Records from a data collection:
^^^^
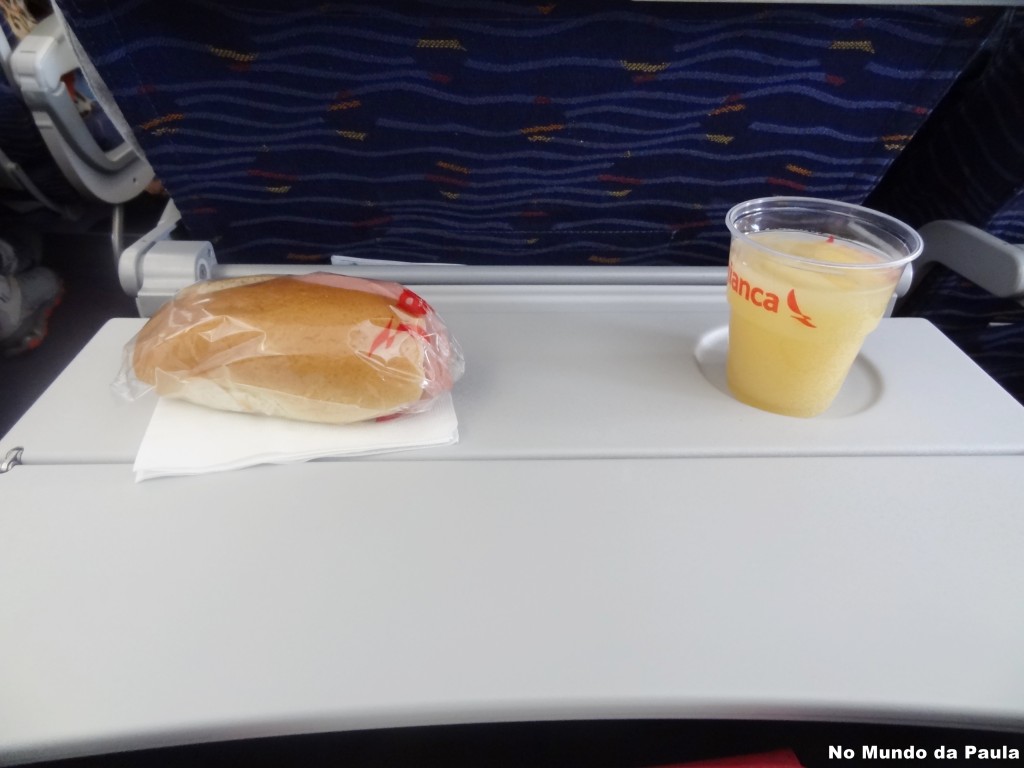 como é voar na Avianca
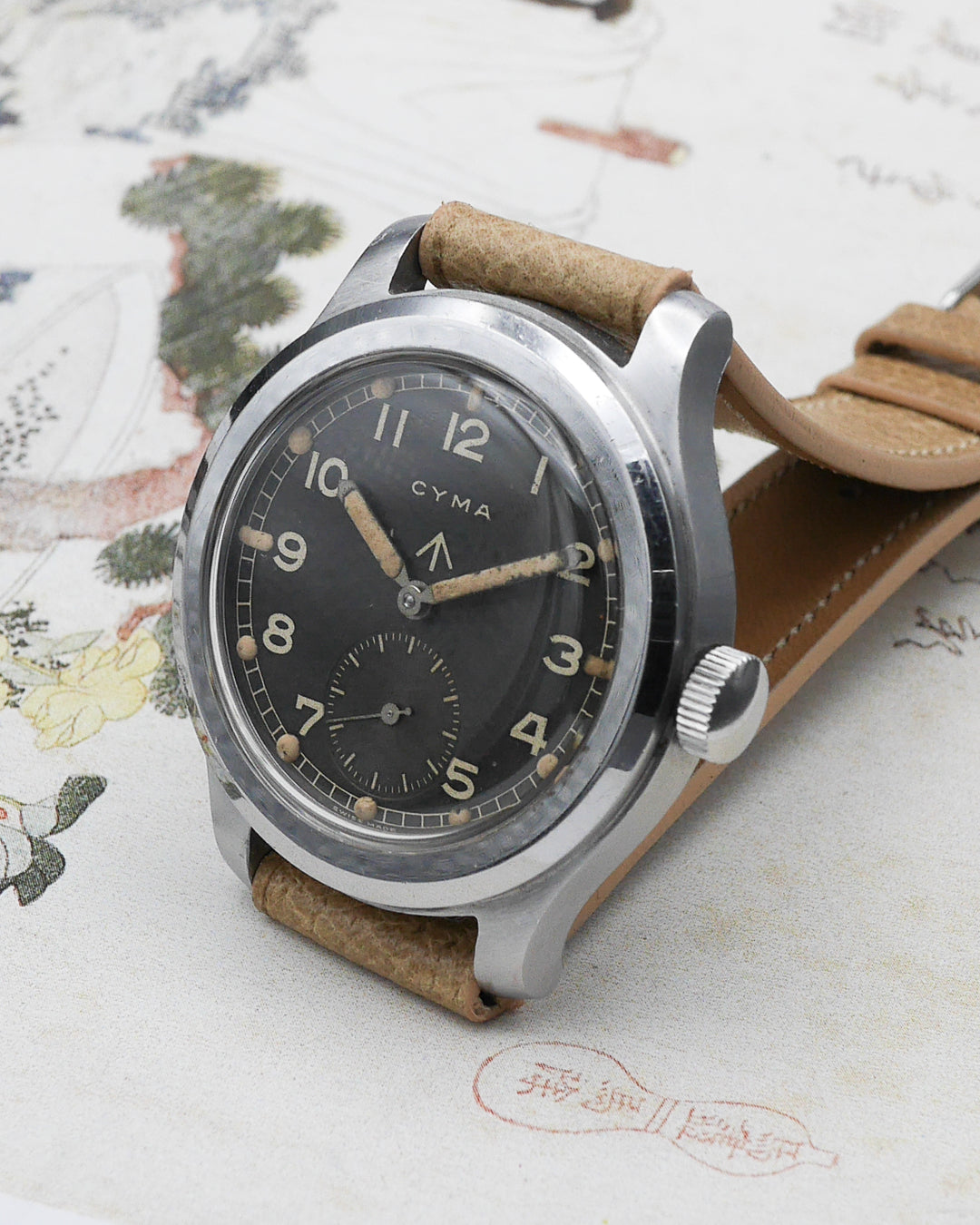 1950s Cyma WWW "Dirty Dozen"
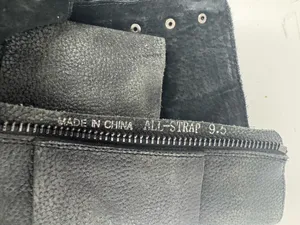Jeffrey Campbell Black Leather Boots Size 9.5 thumbnail 8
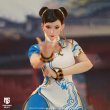 画像3: 予約 STAR MAN  女格闘家 Chun-li （Blue cloud patterned white cheongsam version） 1/6  アクションフィギュア    MS-011  (3)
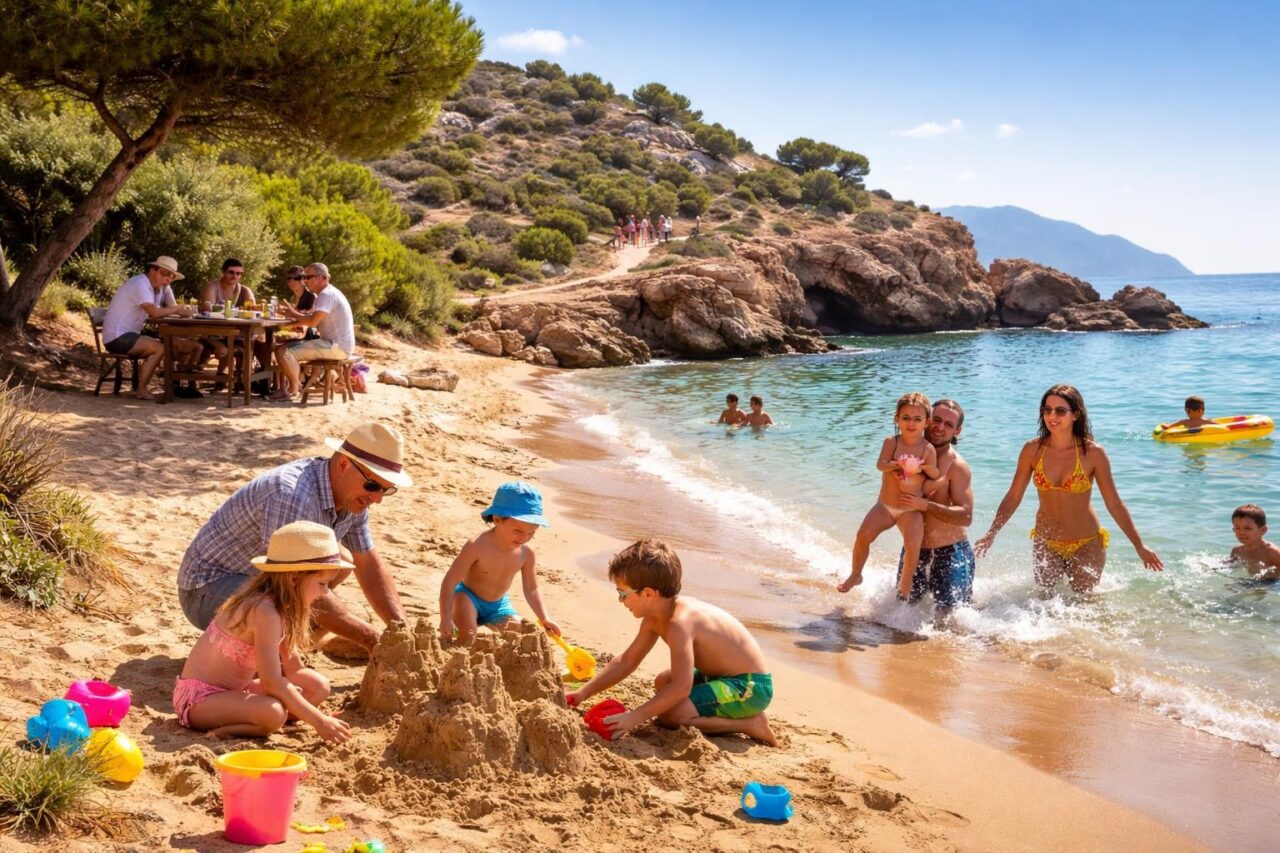 découvrez les meilleures activités familiales à mazarron, murcia en espagne : plages, randonnées, gastronomie et attractions pour petits et grands.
^^^^
Your goal – Could you transcribe every entry exactly, leaving out the pictures?

Task answer –
 como é voar na Avianca
 1950s Cyma WWW "Dirty Dozen"
Jeffrey Campbell Black Leather Boots Size 9.5 thumbnail 8
 画像3: 予約 STAR MAN  女格闘家 Chun-li （Blue cloud patterned white cheongsam version） 1/6  アクションフィギュア    MS-011  (3)
 découvrez les meilleures activités familiales à mazarron, murcia en espagne : plages, randonnées, gastronomie et attractions pour petits et grands.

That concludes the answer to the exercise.